Le location sono sempre plumbee, non importa che si giri tra i corridoi di una affollatissima scuola superiore o in cameretta: ogni ambiente pare una cripta. Perché tutto, da copione, deve essere incredibilmente misterioso. Colazione inclusa. E questo è anche il "motivo" per cui ogli interpreti bisbigliano fitto, si esprimono appunto in "serpentese", ovverosia sibilano parole a caso su favole senza lupi e lupi senza favole. Purtroppo, non spunta mai un capobranco o, se non altro, un regista, un esperto di dizione, qualche anima pia titolata a salvare i coinvolti dallo scempio. I lupi, comunque, non piacciono solo ai boomer sui social ma pure agli sceneggiatori nostrani (coincidenze?). Per chi la ricorda, la serie Curon, sempre Netflix, era anch'essa giocata sullo strabiliante concept: "Dentro ognuno di noi ci sono due lupi". Per fortuna, però, di fronte a 'sto Fabbricante di Lacrime lo spettatore non fa la fine di Cappuccetto Rosso, non si lascia fagocitare da atmosfere e dialoghi buttati giù con la cazzuola: li sbertuccia sui social, postando clip che paiono tratte da un trailer di Maccio Capatonda. Se Maccio Capatonda avesse mai girato un video dei My Chemical Romance, sarebbe venuta fuori proprio una roba così. Il disperato ma tenace tentativo di sembrare oscuri e misteriosi permea l'intero girato, divenendo commedia purissima, seppur involontaria. Tra le più riuscite degli ultimi anni, in ogni caso.
L'amore tra l'ombroso Rigel e la verginella secchiona Nica è qualcosa di incomprensibile, tutto sospiri tensivi e zero fatti. Bella Swan ed Edward Cullen, ai tempi di Twilight, a confronto sono stati praticamente protagonisti di un porno a tinte snuff. Gli innamorati trascorrono il tempo a non sopportarsi passivo-aggressivamente, tramite occhiatacce voluttuose fin dall'infanzia. Lui cerca di spaventarla chiamandola ossessivamente "falena" (?), lei se ne batte, oppure ne resta infastidita ma, alle volte, fa sogni umidicci che lo coinvolgono. Interviene un secondo pretendente, conosciuto a scuola, che per pura casualità non è un licantropo, ma un esperto conoscitore di farfalle. E, ovvio, si chiama Lionel, come qualunque diciassettenne medio di Pescara.
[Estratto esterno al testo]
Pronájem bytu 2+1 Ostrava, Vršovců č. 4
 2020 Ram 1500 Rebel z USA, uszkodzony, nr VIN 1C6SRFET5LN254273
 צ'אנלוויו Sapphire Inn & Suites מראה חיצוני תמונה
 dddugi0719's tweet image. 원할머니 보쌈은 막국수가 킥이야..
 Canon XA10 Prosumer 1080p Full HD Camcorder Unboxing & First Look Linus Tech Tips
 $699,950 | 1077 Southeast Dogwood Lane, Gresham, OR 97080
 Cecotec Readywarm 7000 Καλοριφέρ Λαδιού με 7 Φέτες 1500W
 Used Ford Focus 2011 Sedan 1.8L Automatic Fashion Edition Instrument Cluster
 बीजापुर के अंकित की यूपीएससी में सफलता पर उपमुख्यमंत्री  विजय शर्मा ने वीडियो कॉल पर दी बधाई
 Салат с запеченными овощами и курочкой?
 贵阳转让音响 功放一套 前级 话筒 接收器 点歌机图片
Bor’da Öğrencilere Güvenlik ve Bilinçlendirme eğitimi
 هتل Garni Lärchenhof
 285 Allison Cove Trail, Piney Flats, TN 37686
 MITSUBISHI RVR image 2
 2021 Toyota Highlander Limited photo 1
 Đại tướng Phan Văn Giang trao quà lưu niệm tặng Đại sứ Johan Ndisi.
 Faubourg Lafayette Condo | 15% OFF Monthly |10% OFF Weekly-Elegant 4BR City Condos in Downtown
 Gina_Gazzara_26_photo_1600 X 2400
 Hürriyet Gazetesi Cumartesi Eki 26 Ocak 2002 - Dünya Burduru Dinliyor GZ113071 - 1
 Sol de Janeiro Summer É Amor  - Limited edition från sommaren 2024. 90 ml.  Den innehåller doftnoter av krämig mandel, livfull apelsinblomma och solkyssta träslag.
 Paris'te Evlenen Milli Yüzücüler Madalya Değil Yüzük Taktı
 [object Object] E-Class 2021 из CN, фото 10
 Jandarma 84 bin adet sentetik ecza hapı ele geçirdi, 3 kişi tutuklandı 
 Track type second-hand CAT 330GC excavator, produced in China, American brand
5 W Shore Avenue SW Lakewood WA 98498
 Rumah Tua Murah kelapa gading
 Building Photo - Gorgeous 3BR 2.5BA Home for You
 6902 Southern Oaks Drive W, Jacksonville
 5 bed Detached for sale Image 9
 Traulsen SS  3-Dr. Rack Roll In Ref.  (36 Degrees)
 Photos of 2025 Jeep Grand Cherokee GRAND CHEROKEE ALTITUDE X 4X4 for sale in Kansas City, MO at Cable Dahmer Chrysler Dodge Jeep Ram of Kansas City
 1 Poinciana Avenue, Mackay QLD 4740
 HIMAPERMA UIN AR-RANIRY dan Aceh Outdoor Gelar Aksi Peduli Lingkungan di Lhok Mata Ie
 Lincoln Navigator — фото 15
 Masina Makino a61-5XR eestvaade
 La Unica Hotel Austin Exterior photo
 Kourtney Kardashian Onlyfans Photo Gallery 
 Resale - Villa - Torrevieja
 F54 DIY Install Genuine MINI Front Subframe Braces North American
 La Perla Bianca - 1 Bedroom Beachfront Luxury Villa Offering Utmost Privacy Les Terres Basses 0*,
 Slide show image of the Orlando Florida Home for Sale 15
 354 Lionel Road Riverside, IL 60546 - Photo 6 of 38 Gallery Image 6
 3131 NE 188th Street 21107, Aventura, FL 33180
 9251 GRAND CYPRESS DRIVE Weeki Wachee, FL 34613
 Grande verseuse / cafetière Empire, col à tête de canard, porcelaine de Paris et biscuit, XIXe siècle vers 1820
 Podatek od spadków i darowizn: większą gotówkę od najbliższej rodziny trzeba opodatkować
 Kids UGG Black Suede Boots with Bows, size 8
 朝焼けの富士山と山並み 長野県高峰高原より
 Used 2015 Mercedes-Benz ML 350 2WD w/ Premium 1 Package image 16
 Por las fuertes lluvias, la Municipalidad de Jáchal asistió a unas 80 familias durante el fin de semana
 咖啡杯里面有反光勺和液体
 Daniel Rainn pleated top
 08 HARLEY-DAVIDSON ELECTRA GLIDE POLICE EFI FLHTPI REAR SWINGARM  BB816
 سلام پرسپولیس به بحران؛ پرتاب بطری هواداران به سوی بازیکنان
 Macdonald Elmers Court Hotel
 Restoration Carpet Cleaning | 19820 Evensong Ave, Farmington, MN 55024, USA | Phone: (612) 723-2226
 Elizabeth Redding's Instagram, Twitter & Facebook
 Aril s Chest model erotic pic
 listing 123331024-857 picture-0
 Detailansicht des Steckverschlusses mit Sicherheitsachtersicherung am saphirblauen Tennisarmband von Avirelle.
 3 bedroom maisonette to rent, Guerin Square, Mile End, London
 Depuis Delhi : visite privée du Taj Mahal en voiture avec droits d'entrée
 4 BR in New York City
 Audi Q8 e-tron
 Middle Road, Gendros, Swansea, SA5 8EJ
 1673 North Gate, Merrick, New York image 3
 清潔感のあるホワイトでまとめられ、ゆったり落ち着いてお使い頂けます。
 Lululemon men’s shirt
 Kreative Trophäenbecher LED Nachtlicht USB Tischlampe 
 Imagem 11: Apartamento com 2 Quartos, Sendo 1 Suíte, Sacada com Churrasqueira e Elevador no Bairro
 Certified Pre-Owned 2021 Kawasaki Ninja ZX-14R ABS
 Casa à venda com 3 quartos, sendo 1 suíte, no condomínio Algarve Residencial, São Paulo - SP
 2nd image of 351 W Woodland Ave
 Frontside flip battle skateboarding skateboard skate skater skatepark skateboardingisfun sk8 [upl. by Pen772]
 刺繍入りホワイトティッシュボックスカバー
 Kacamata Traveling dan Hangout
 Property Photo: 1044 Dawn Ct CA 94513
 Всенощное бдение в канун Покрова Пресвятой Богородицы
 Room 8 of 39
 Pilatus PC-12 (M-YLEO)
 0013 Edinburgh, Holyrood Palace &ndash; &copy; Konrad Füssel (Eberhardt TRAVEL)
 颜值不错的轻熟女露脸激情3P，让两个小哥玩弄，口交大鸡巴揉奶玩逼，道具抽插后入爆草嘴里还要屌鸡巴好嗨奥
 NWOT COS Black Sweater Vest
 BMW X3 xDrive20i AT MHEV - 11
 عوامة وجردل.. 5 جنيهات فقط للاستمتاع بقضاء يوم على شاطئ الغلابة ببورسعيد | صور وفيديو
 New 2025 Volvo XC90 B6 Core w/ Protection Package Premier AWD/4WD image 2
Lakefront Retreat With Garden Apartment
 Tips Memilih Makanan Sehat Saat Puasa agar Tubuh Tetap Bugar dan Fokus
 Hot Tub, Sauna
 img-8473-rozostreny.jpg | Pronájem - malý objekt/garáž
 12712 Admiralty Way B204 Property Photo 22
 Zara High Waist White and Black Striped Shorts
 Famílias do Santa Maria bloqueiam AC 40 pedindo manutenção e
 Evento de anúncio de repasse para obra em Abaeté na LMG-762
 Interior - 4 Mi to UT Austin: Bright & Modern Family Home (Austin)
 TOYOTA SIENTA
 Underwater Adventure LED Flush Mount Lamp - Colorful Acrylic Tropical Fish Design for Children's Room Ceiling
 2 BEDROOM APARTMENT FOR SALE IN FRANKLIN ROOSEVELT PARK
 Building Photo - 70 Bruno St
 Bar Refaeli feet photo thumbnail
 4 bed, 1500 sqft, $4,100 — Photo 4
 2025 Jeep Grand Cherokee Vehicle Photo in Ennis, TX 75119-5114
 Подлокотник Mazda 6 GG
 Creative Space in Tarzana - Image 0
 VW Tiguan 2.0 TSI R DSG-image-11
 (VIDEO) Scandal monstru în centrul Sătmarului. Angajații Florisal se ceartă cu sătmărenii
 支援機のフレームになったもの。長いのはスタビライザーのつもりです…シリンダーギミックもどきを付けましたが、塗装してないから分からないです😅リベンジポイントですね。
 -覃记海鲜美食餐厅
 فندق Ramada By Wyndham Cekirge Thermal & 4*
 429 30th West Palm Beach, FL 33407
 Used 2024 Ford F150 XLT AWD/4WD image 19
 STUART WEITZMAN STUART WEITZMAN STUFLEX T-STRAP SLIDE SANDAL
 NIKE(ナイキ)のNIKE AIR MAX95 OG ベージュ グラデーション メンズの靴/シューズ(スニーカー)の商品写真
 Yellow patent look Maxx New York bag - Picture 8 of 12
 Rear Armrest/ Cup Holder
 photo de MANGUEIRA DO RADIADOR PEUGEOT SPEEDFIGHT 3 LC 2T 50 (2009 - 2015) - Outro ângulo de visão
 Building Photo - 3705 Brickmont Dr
Rigelio, Nica e Lionello formano un triangolo amoroso tenuto insieme da scene insipidissime in cui, in genere, è notte o piove. All'apice, l'oscurità di fonde ovviamente col maltempo per l'inglorioso finale in cui Nica fa la sua scelta ma, ça va sans dire, le va di sfiga. Perfino l'ordine degli avvocati - non spoileriamo troppo, vedrete - comunque si interessa alla liaison tra i due (o tre?): presente infatti una scena in cui, nel corso di un interrogatorio in aula, un principe del Foro domanda alla protagonista se sia o meno innamorata di Rigelio. Come se potesse costituire reato e, forse, dopotutto, ha ragione. Anche se, in teoria, sarebbe lì per far luce sulle angherie passate dell'orfanotrofio Grave (greiv) di Pescara. Pazienza. Consigliamo la visione di 'sto Fabbricante di Lacrime? Ovvio che sì, lupi e falene!